DGS: Was the transition from gymnastics to diving hard?
AW: It was a pretty easy transition for me. The only difference between the two is that in gymnastics you always have to learn on your feet. Always landing on your head in diving was hard to get used to at first. After a while, I did get used to it, making the transition a smooth one.
DGS: What is your training regiment like?
AW: In high school, I worked out before school, and then would go straight to varsity then club practice after school. That was about 3-4 days a week in Troy, NY. When I came to college, it got a little bit more intense. We do two days a week of lifting for about an hour. Every day we do two and a half hours of water workouts. We also spend two days a week doing dry board practices. Compared to high school, I’d say we do 18-20 hours a week of workouts.
In regards to diving, school and her future: Time management is key. I’m a public health major while also trying to get into the nursing program. I missed Olympic trials by three points. After Nationals I believe I’m staying on the path towards the nursing program.
DGS: Have you talked to any previous divers for any advice?
AW: I stayed and talked to a girl named Nicole Scott, who was a college senior when I was a high school senior. While I didn’t know her that well, it showed that she loved the program, and she seemed very smart. I might have taken her role on the team since she left.
DGS: How is the staff at Rutgers?
AW: Petra Martin (head coach) is really good at her job. She helps me when it comes to confidence and believing in myself. Fred Woodruff is my coach, and he’s excellent at his job. He’s very individualized; he helps with making the training process different for each person. He knows everything about his divers and what we need, and that helps all of us excel in the pool and in the long run.
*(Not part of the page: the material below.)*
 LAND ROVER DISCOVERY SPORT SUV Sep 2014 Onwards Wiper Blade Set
DGS: How does a team like Rutgers handle the success they have been given since joining the Big Ten? How has morale been?
AW: My freshman year was our first year in the Big Ten. At first we were intimidated because we were considered the underdogs. However, every year we’ve gained more and more confidence. Now we feel like we belong. We also have been moving up in place every year, and that’s really exciting. It has raised our confidence even higher.
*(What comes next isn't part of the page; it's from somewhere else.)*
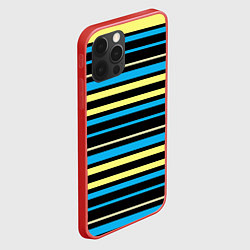 Чехол для iPhone 12 Pro Max Желто-голубые полосы на черном фоне, цвет: 3D-красный — фото 2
DGS: What are you teaching the younger class of swimmers coming to Rutgers?
AW: My advice has been to stay calm and trust the process. Some of them may get a bit ahead of themselves which stresses them out. I tell them it’s all going to be OK, and to trust the coach, trust the workouts and at the end of the day it’s all going to pay off.
DGS: Who are your role models?
AW: For athletics, I look up to to a number of divers. Kassidy Cook and Jessica Parratto come to mind. I like how Jessica is so humble, and Kassidy has a great work ethic. In life, I look up to my cousin Brad. He’s always happy, confident and so smart. His positivity really rubs off on me.
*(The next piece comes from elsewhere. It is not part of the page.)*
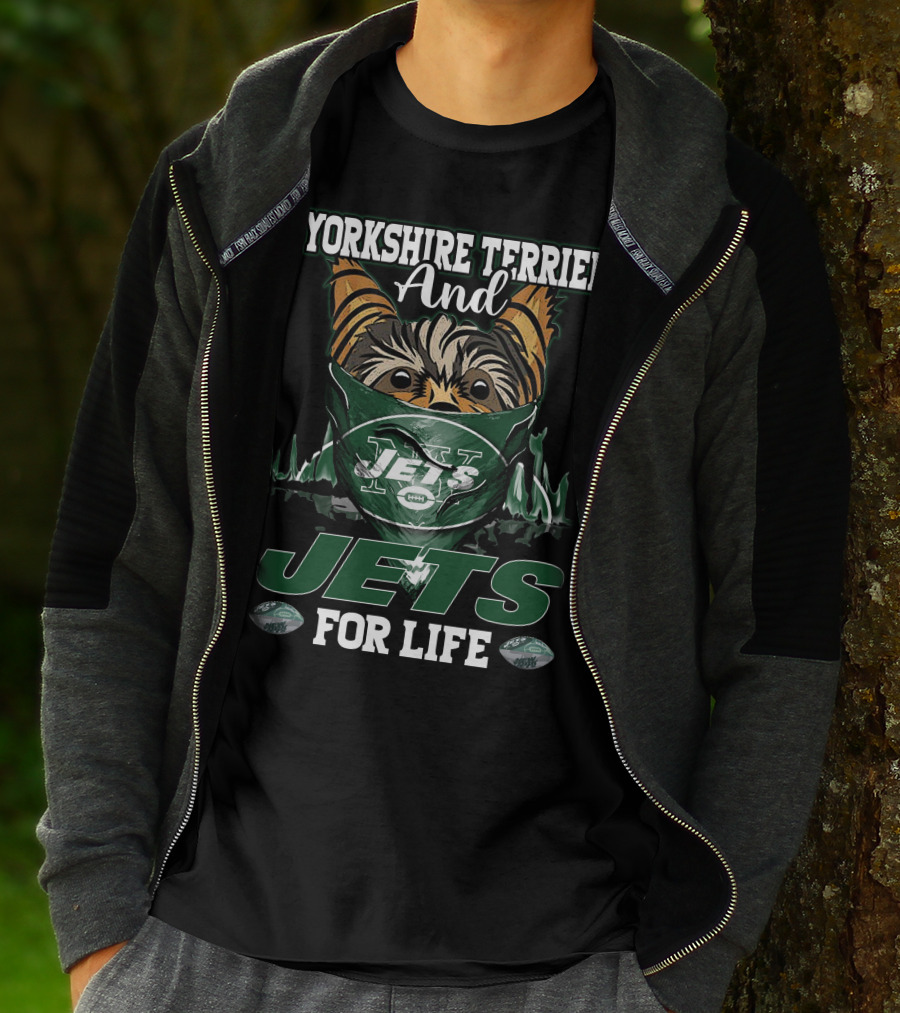 Yorkshire Terrier And Jets For Life New York Jets T-Shirt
DGS: How do you calm the nerves when it comes to a big dive?
AW: I tell myself what I tell the younger girls: A moment to relax is needed. All that we have been doing, all the hard work, has led to this. I take a few breathes before and remind myself that whatever happens, happens. I’m very blessed to be at this level.
DGS: When is the record going to be broken?
AW: I don’t know. Nicole (Scott) was a power specialist, so it would be hard considering I’m a springboard specialist.
DGS: Any advice to the future female athletes out there?
AW: Always trust your coach, all they want is what’s best for you. Also, always be happy and blessed to compete at any level. Not many people have the opportunity you may have. Use the resources that have been provided in front of you and make sure to give back to those that have helped you get to this point.
The Scarlet Knights have a busy schedule ahead of them, with several Big Ten matchups on the horizon. Addison Walkowiak and the team have handled the pressure before, and it seems like this year won’t be any different.